- Opening Delimiter -

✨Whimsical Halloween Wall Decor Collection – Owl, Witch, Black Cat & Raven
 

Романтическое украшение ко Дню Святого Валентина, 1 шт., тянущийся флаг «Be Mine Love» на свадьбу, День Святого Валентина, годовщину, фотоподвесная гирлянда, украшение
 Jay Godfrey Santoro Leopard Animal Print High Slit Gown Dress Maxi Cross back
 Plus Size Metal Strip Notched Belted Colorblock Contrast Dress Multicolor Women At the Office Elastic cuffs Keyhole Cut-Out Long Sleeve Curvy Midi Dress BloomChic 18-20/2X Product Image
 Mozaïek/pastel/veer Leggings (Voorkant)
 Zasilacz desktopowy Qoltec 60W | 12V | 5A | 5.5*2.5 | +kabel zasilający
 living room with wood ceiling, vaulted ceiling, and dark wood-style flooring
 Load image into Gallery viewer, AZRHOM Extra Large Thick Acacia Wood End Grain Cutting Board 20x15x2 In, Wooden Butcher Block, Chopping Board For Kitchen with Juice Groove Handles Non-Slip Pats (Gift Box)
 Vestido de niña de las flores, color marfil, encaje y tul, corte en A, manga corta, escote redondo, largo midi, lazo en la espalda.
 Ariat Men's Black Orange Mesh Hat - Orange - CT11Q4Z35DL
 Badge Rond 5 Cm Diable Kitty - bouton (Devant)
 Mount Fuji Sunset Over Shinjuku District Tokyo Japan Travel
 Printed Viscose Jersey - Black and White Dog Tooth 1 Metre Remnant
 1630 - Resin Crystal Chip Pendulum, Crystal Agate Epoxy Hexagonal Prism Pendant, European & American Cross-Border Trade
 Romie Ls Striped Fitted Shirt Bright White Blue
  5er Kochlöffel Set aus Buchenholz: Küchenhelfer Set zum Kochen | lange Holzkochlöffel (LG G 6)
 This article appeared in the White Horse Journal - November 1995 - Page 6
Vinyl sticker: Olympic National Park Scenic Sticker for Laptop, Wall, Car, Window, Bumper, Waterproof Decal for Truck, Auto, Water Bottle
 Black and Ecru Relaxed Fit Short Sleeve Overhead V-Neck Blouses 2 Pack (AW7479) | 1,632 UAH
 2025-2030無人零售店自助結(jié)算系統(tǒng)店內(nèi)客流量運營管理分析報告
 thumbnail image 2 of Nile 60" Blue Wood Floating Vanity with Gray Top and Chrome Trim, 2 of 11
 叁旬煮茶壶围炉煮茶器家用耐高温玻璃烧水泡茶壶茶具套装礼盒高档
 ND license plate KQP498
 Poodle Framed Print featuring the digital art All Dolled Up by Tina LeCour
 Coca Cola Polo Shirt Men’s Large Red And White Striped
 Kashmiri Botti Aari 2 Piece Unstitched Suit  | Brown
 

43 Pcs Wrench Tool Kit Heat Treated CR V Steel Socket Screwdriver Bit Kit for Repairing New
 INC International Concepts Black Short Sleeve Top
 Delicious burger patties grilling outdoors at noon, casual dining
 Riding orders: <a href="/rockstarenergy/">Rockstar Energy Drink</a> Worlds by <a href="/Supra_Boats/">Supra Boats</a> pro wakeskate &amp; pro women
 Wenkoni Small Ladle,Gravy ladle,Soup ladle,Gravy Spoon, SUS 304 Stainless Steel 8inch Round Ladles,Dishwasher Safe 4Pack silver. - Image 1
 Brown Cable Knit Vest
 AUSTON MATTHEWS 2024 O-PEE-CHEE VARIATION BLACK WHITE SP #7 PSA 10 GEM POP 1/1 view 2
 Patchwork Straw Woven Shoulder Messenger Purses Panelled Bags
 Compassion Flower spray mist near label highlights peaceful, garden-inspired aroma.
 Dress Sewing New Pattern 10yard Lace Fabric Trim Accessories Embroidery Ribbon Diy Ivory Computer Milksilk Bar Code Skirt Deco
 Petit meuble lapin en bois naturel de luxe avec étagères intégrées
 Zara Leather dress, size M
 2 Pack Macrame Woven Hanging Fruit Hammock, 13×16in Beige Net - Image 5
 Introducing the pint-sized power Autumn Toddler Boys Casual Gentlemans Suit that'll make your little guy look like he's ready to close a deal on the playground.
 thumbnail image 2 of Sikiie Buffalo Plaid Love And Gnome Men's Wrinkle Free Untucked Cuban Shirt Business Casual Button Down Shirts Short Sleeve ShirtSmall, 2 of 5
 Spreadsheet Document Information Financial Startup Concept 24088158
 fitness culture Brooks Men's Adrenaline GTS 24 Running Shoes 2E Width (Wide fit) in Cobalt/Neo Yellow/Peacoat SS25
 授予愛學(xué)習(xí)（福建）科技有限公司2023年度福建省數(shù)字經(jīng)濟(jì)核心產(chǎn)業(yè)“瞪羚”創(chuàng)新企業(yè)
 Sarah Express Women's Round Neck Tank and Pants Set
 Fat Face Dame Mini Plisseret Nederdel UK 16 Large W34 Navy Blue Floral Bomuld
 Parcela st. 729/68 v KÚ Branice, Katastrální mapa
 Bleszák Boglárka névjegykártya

- Closing Delimiter -

### EXERCISE DESCRIPTION
Out of the listing above, reproduce exactly the lines from the one with "Ariat Men's Black" up to and including the one with "Romie Ls Striped".

### ANSWER FOR THE TASK
 Ariat Men's Black Orange Mesh Hat - Orange - CT11Q4Z35DL
 Badge Rond 5 Cm Diable Kitty - bouton (Devant)
 Mount Fuji Sunset Over Shinjuku District Tokyo Japan Travel
 Printed Viscose Jersey - Black and White Dog Tooth 1 Metre Remnant
 1630 - Resin Crystal Chip Pendulum, Crystal Agate Epoxy Hexagonal Prism Pendant, European & American Cross-Border Trade
 Romie Ls Striped Fitted Shirt Bright White Blue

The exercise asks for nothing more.